Source records

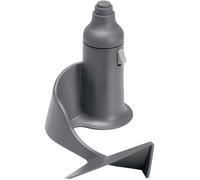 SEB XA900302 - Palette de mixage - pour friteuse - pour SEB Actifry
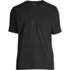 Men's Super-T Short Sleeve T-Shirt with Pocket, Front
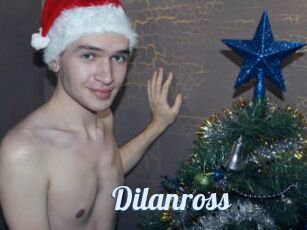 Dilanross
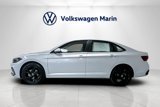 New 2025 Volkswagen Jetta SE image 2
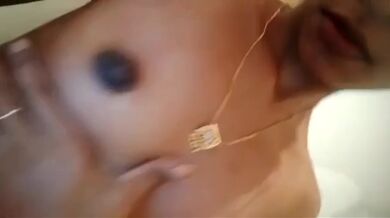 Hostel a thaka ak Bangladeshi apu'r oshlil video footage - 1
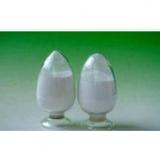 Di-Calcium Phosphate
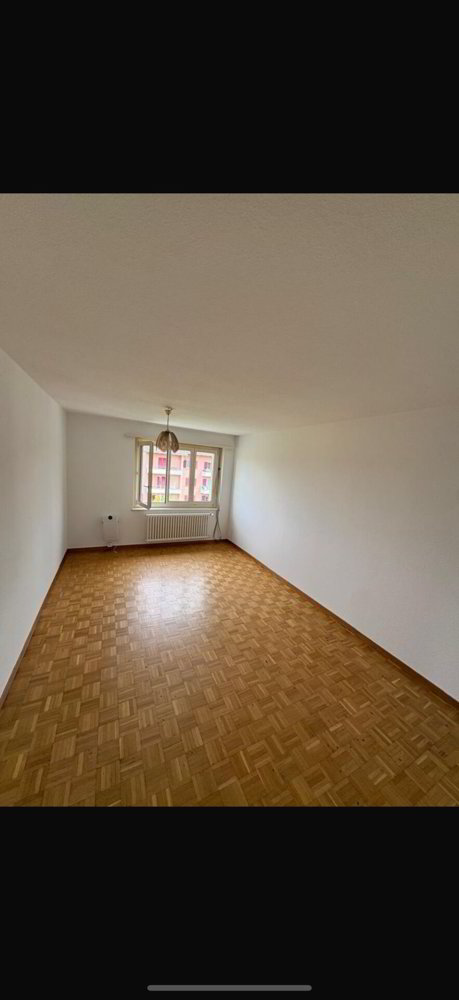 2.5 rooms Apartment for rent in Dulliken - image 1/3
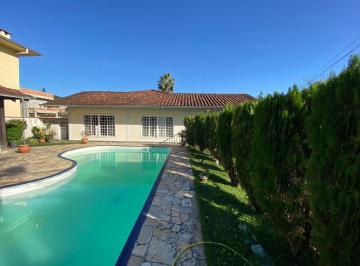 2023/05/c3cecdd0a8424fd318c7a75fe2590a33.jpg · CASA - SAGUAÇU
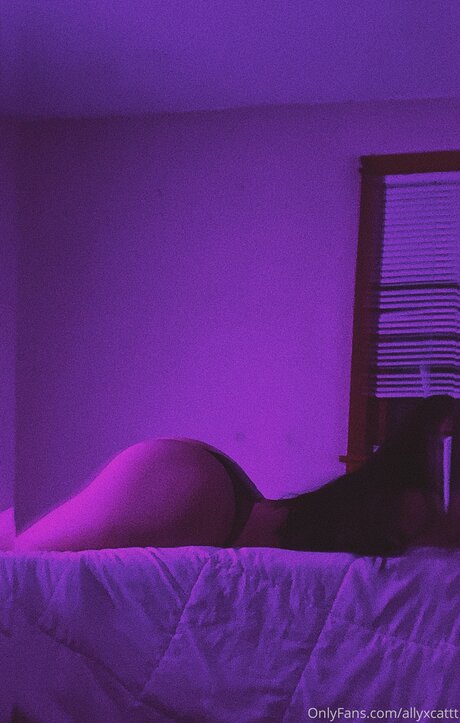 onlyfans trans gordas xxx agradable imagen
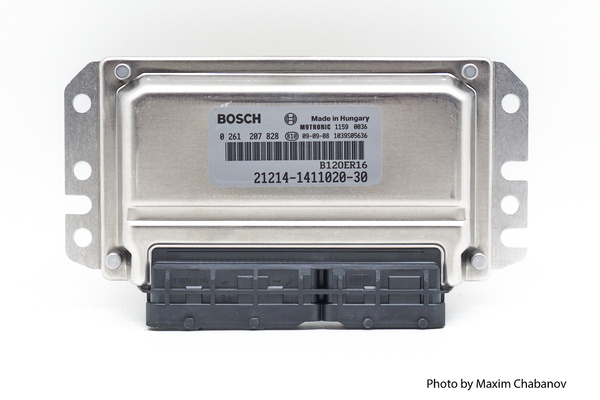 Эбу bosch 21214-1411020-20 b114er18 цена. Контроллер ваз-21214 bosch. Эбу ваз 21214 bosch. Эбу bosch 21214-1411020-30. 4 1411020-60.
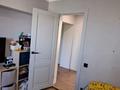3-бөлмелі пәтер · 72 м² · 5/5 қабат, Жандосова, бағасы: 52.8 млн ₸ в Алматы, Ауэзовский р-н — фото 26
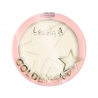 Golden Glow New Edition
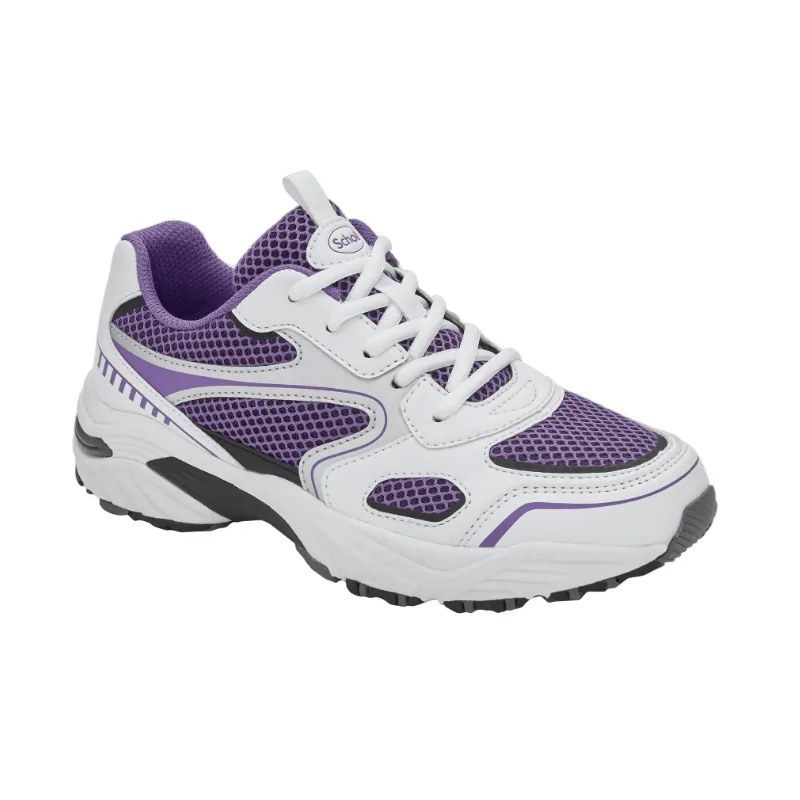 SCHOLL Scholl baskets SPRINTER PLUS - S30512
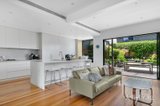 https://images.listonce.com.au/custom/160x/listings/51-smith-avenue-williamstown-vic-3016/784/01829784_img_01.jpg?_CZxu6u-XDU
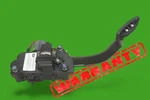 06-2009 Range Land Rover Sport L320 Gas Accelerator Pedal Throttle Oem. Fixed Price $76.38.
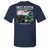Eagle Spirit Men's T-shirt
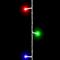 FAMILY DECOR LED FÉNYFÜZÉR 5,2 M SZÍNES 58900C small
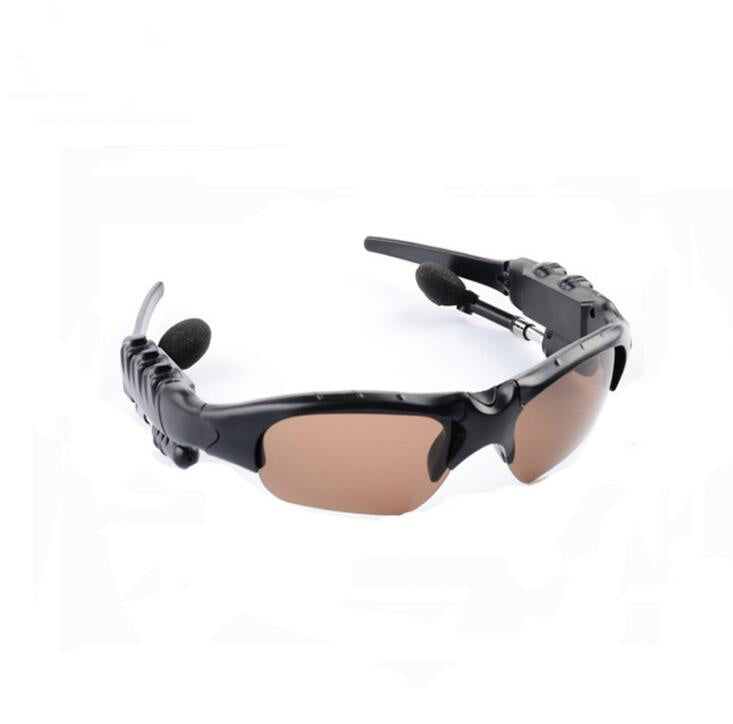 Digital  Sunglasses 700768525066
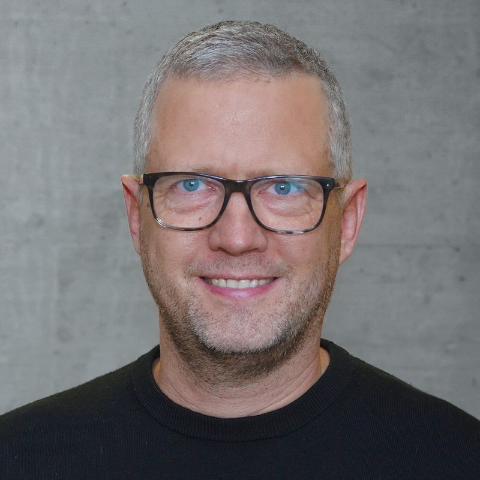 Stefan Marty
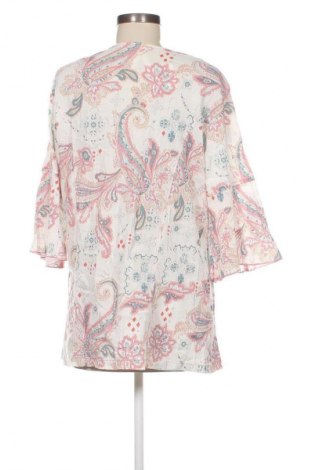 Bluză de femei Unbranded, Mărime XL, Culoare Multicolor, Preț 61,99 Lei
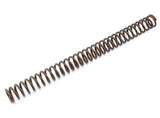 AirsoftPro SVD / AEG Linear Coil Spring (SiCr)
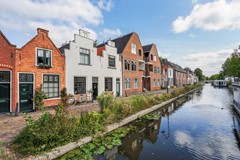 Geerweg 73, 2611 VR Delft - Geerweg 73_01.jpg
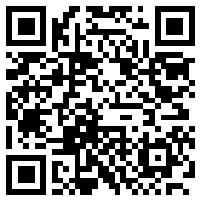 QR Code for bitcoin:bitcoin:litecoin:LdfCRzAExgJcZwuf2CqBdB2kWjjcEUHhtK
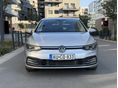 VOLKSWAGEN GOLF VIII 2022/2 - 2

§ TASK TO CARRY OUT:
Return nothing except the lines from the line with "AirsoftPro SVD /" through the last line of the records above, copied exactly and without pictures.

§ ANSWER FOR THE TASK:
 AirsoftPro SVD / AEG Linear Coil Spring (SiCr)
 Geerweg 73, 2611 VR Delft - Geerweg 73_01.jpg
 QR Code for bitcoin:bitcoin:litecoin:LdfCRzAExgJcZwuf2CqBdB2kWjjcEUHhtK
 VOLKSWAGEN GOLF VIII 2022/2 - 2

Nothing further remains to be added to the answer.